Wer nur einmal mit dieser wunderbaren Frau persönlich verkehrt hat, dem wird es schwer, an ihren Tod zu glauben, eine solche Lebensfülle und Gefühlsmächtigkeit trat Jedem mit ihr entgegen. Man kann sich eben das hohe schöne Weib nicht todt denken, und doch reden’s uns alle Zeitungen seit dem 2. Juni täglich vor, und die Nachrufe und Erinnerungen haben noch heute kein Ende. Um so mehr zieht uns nun Alles an, was aus ihrem Leben erzählt wird. Und gerade weil ihr großer öffentlicher Künstlerlebensgang nur eine kurze Spanne von Jahren umfaßt, geht man gern ihrer früheren Vergangenheit nach, um den Ursprung ihrer Größe und die Quellen der Leiden zu erkunden, die beide sich in ihr Leben getheilt zu haben scheinen.
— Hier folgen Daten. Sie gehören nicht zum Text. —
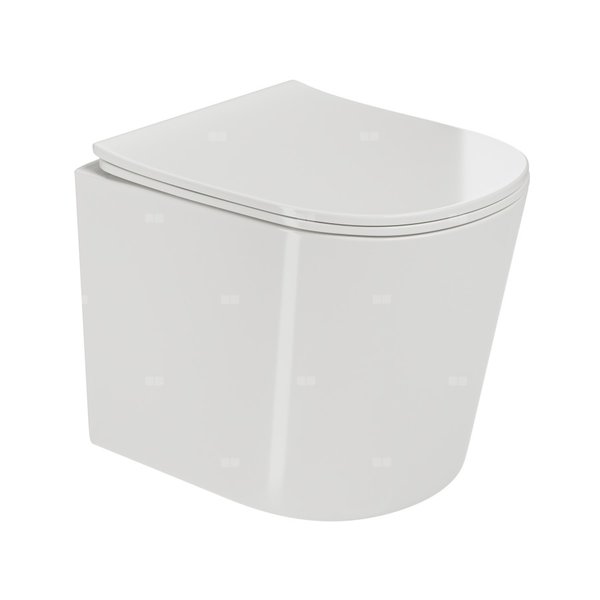 Miska wisząca WC MERLINO Rimless z deską wolnoopadającą slim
Hedwig Kindermann konnte die Anwartschaft auf ein glückliches Leben nicht augenscheinlicher in die Wiege gelegt werden. Sie war an Leib und Seele trefflich beanlagt und hochbegabt und vom Schicksal mit Eltern gesegnet, deren Bildung und Mittel geeignet waren, ihr den Pfad von der Kindheit bis zum Beruf so freuden- und hoffnungsreich wie möglich zu machen. Ihr Vater ist bekanntlich der berühmte Sänger August Kindermann in München; von der Liebe zu ihrer Mutter zeugen viele später veröffentlichte Briefe. Hedwig muß als Kind und Backfisch eine reizende Erscheinung gewesen sein in ihrer Anmuth, Kraft und Natürlichkeit. Es wird erzählt, daß, wenn sie mit der Küchenschürze geschmückt der Mutter am Herde half, ihre fröhlichen Lieder zum Küchenfenster herausschallten und die Leute auf der Gasse stehen blieben und lauschend sagten: „Das ist Kindermann’s Hedwig! Wie die singt!“ – Und doch soll, nach allen Berichten, der Vater erst durch den Professor an der Münchener Musikschule, Franz Wüllner, auf den Werth der Stimme seiner Tochter aufmerksam gemacht worden sein.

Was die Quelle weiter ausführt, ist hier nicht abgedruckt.